D’après Domenge, Jean-Luc, Chanson d’amour en Provence, 2009, Tac-Motif des régions :

"Le premier couplet et refrain de ce rigaudon, avec la musique, sont donnés chacun à part par Lambert dans "Chants et chansons populaires du Languedoc" […] Les paroles du premier couplet seulement sont données sur un air différent par Tiersot dans "Chansons populaires des Alpes françaises"[…] Les autres couplets ont été "reconstitués" par Pierre Fontan de Toulon. La chanson est devenue très populaire dans le Var et toute la Provence au XXe siècle dans les milieux "provençalistes". Elle fut publiée pour la première fois, dans "Lou cansounié de la Targo" Touloun. 1937. "

Traduction :

1 – Mère si vous saviez, d’où je viens […] vous me battriez.
Je viens de Toulon et de Marseille, je viens de Toulon de danser le rigaudon.

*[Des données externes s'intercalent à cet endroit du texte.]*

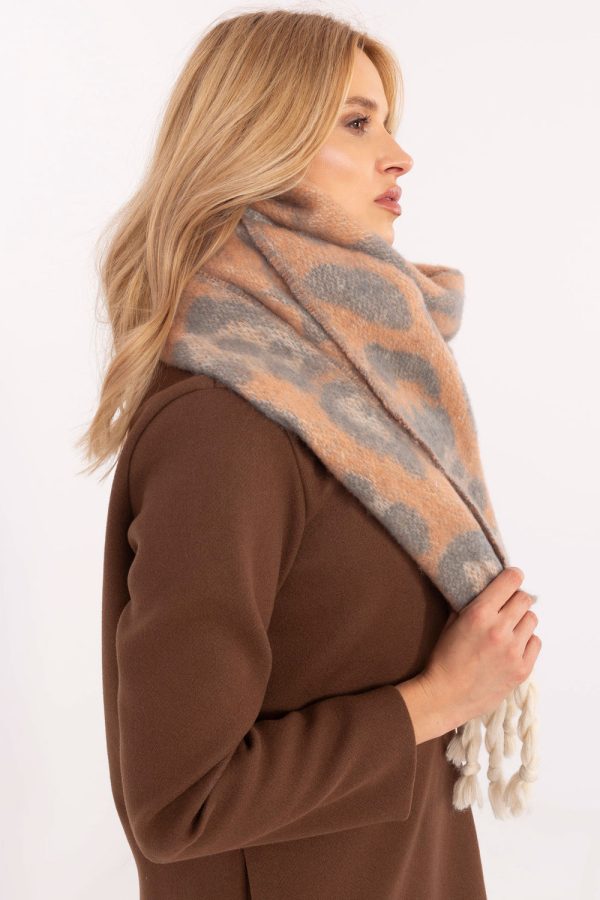Shawl model 205964 AT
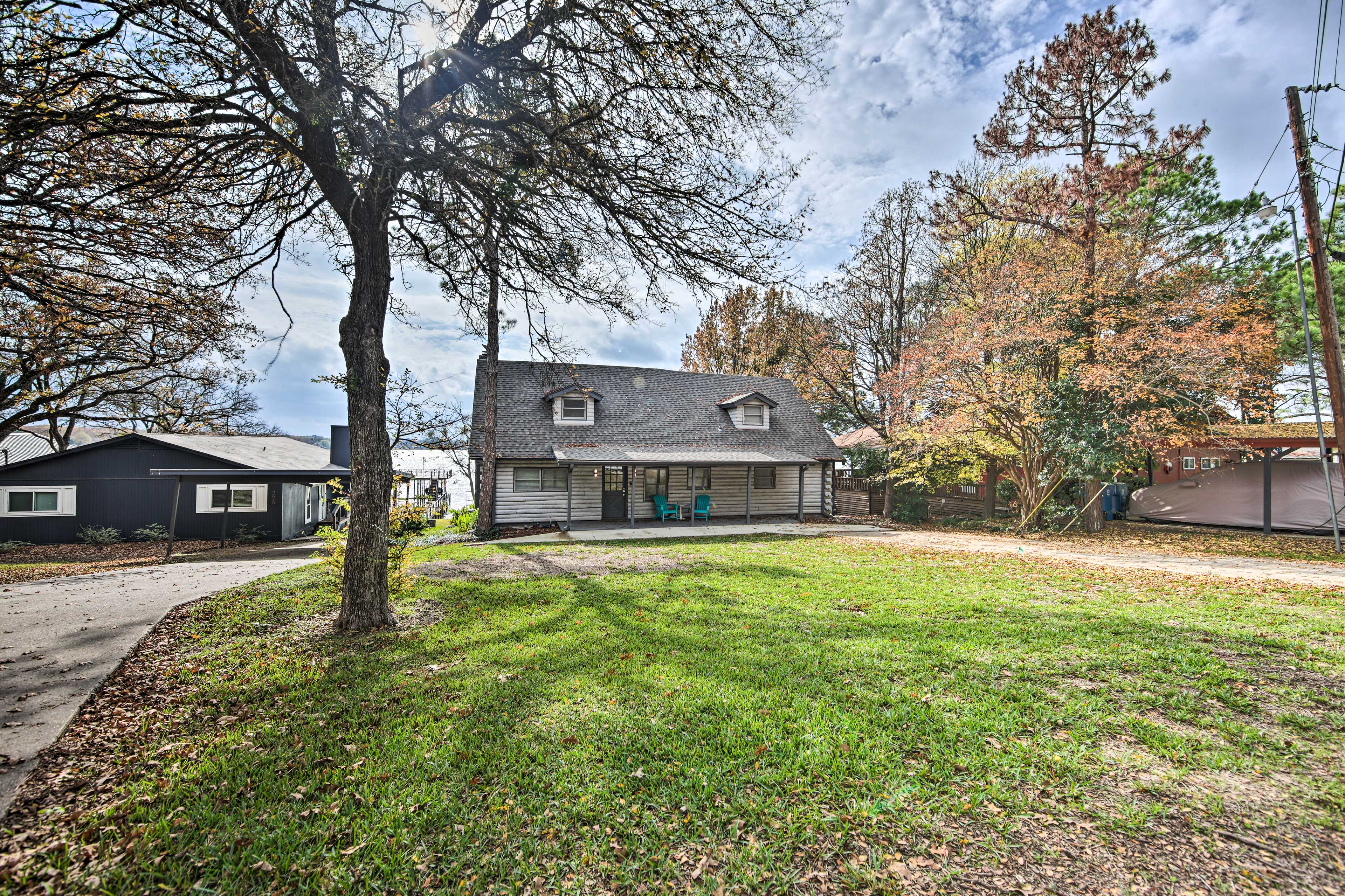 Property Image 2 - Gun Barrel City Home w/ Private Deck & Fire Pit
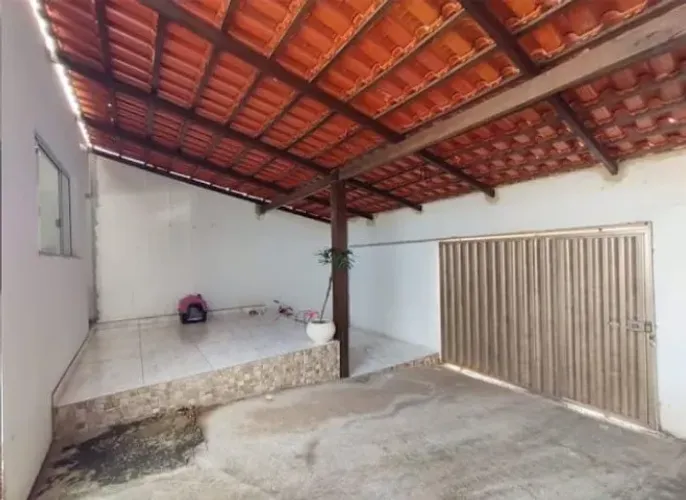 Linda casa com 3 quartos 2 banheiros área de churrasco e garagem.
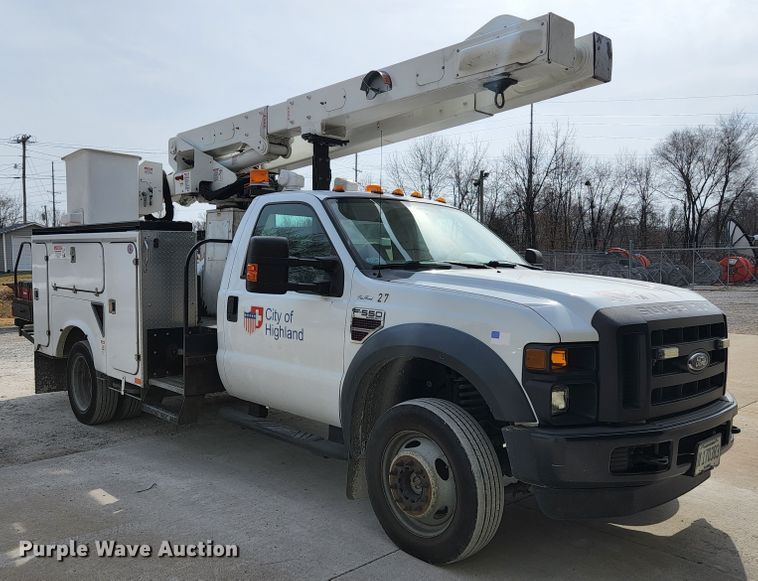 image for item JG9197 2008 Ford F550 Super Duty XL  bucket truck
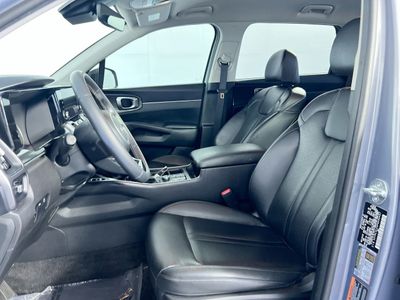 2023 Kia Sorento — photo 12 view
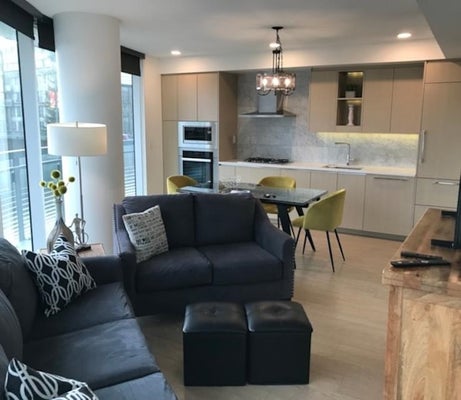 87 Nelson St, Vancouver, BC 2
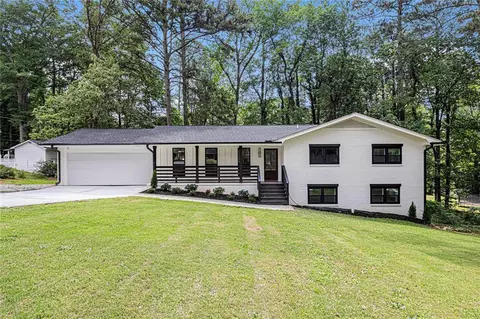 106 Hickory Ave, Fayetteville, GA 30215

(Refrain) J’avais un amoureux, il ne me plaisait pas
Il avait le nez tordu, il ne savait pas danser
Cet amoureux, il ne me plaisait guère
Cet amoureux, il ne me plaisait pas.

2 – Il y a des chevaliers, de l’armée, ils parlent d’amour volontiers
L’épée au côté, belle mine, ils savent se faire écouter.

3 – Il y a tant de marins, pour la danse, plein d’entrain.
Mère comme ça me réjouit, jambe légère et pied déchaussé.

4 – Il y a les gros marchands, les sous et les diamants
Ils en ont des coffres pleins, de colliers et de boucles d’oreilles.

5 – Ah! Le beau pays, tout fait fête, tout est rire.
Mère si vous vouliez, votre fille, là vous la marierez.